# Thread: distance between a point and a line.

1. ## distance between a point and a line.

Show that the distance from a point (xZERO,yZERO) to a line Ax+By+C=0 is given by

|AxZERO+ByZERO+C| / sqrt(A^2+B^2)

Why absolute value? I get that hes putting the points into the slope of the other one to get maybe a parallel line. but thats all I get. why the sqrt of (a^2+b^2) ?

2. Hello, frankinaround!

$\text}Show that the distance from a point }(x_o,y_o)\text{ to a line }Ax+By+C\:=\:0$

$\text{is given by: }\;d \;=\;\dfrac{|Ax_o +By_o+C|}{\sqrt{A^2+B^2}}$

Why absolute value? . Because distance is a positive measure.

I get that hes putting the points into the slope of the other one . What?
to get maybe a parallel line, but thats all I get.

Why the sqrt of (A^2+B^2) ? . Why not?

You're expected to derive that formula, aren't you?

Well, do it . . . and you'll see why.

3. Originally Posted by Soroban
Hello, frankinaround!

You're expected to derive that formula, aren't you?

Well, do it . . . and you'll see why.

That's a bit harsh, the OP obviously does not know how to...

Hint, the slope of the shortest line segment going through $\displaystyle (x_0, y_0)$ and touching $\displaystyle Ax + By + C = 0$ will be perpendicular to the slope of $\displaystyle Ax + By + C = 0$.
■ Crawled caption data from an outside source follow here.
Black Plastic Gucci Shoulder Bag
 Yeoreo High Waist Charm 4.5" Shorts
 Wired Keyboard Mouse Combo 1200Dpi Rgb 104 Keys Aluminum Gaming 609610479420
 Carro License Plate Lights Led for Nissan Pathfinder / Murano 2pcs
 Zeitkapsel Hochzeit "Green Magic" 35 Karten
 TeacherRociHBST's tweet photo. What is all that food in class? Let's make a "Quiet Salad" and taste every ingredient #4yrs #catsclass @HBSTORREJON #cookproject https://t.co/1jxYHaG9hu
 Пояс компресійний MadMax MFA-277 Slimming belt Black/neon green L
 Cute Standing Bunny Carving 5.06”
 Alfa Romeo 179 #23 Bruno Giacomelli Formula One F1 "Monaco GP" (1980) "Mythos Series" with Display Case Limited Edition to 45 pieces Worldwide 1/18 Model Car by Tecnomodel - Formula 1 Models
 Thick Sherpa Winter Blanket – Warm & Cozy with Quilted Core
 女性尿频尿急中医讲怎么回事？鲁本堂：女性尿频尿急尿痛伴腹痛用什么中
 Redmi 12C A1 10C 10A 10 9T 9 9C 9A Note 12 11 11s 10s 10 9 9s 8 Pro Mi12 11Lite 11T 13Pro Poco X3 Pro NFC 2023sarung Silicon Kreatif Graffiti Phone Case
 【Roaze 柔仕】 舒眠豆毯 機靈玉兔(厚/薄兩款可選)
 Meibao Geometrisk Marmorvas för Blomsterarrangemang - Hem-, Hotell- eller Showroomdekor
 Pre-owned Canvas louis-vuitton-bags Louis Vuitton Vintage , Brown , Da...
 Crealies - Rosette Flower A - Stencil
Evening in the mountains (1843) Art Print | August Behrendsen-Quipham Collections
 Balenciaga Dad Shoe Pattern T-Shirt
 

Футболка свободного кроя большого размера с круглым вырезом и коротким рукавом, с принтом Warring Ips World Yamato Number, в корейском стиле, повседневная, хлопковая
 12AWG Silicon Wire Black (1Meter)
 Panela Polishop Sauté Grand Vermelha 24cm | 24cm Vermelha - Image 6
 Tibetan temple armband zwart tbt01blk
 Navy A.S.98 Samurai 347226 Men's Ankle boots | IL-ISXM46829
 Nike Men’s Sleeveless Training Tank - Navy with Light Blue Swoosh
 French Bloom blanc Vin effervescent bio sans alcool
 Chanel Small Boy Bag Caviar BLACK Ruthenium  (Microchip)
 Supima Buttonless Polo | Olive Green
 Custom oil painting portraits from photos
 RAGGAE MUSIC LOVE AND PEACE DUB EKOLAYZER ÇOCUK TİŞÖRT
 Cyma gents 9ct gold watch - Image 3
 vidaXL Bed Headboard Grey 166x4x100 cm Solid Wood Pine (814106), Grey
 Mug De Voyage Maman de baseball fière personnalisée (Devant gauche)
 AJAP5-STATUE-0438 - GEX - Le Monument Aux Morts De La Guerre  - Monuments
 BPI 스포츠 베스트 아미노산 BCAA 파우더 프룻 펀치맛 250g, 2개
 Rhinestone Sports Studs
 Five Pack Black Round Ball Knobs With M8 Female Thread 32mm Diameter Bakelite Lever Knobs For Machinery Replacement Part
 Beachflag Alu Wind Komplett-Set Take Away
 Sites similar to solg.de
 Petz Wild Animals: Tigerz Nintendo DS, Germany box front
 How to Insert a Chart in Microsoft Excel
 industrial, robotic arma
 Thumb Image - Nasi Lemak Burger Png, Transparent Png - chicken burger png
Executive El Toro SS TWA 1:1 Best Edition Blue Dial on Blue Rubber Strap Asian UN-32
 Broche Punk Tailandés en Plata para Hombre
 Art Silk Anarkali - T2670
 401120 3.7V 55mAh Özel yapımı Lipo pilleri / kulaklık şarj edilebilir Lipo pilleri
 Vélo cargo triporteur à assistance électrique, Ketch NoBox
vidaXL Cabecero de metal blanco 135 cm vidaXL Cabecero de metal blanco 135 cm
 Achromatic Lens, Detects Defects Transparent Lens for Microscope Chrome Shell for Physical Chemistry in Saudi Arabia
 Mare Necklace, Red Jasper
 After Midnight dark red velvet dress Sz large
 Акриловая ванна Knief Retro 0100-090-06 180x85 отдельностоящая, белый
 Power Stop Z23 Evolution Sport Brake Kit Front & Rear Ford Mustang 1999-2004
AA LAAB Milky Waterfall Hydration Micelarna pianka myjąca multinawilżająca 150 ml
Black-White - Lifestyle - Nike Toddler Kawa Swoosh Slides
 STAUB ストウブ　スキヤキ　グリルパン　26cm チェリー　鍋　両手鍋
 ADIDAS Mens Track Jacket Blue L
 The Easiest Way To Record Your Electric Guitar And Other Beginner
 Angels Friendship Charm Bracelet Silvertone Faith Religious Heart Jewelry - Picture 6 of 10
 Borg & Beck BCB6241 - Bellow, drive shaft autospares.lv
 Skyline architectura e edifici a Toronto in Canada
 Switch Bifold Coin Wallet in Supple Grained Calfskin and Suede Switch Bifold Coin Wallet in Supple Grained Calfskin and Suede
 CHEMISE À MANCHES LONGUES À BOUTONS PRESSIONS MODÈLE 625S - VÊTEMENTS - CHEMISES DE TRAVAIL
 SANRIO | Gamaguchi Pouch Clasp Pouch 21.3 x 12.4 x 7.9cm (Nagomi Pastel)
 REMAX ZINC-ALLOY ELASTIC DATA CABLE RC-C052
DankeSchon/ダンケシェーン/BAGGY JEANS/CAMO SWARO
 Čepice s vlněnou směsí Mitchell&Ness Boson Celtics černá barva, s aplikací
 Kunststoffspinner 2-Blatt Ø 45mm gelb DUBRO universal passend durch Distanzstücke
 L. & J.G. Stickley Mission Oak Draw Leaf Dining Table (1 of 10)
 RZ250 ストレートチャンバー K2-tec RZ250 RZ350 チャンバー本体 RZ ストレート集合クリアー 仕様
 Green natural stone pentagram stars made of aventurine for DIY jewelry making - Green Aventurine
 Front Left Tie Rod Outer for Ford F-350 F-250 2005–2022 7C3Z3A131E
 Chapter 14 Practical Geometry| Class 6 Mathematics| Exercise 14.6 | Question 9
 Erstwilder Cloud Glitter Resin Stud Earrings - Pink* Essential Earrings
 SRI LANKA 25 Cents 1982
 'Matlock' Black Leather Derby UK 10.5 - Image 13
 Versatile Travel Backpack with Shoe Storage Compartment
4. um... so im trying to do this. I can see ax/-b + c/-b = y and that the slop is a/-b, so then bx0/a should be the perpendicular slope. then I think I would need to take the point of intersection and use the distance formula to get to the next part of this question. but Im not sure how, because how do I know the point of intersection ? I have almost 2 equations. y=ax/-b+c/-b and bx/a + ? = y. I can TRY to substitute with y, so like bx/a + ? = ax/-b + c/-b. But it seems strange. what do you think?

5. the equation of a line with slope $\frac{B}{A}$ (perpendicular to the given line) through the point $(x_0, y_0)$ is $y= \frac{B}{A}(x- x_0)+ y_0$. Where does that intersect $y= -\frac{A}{B}x- \frac{C}{A}$?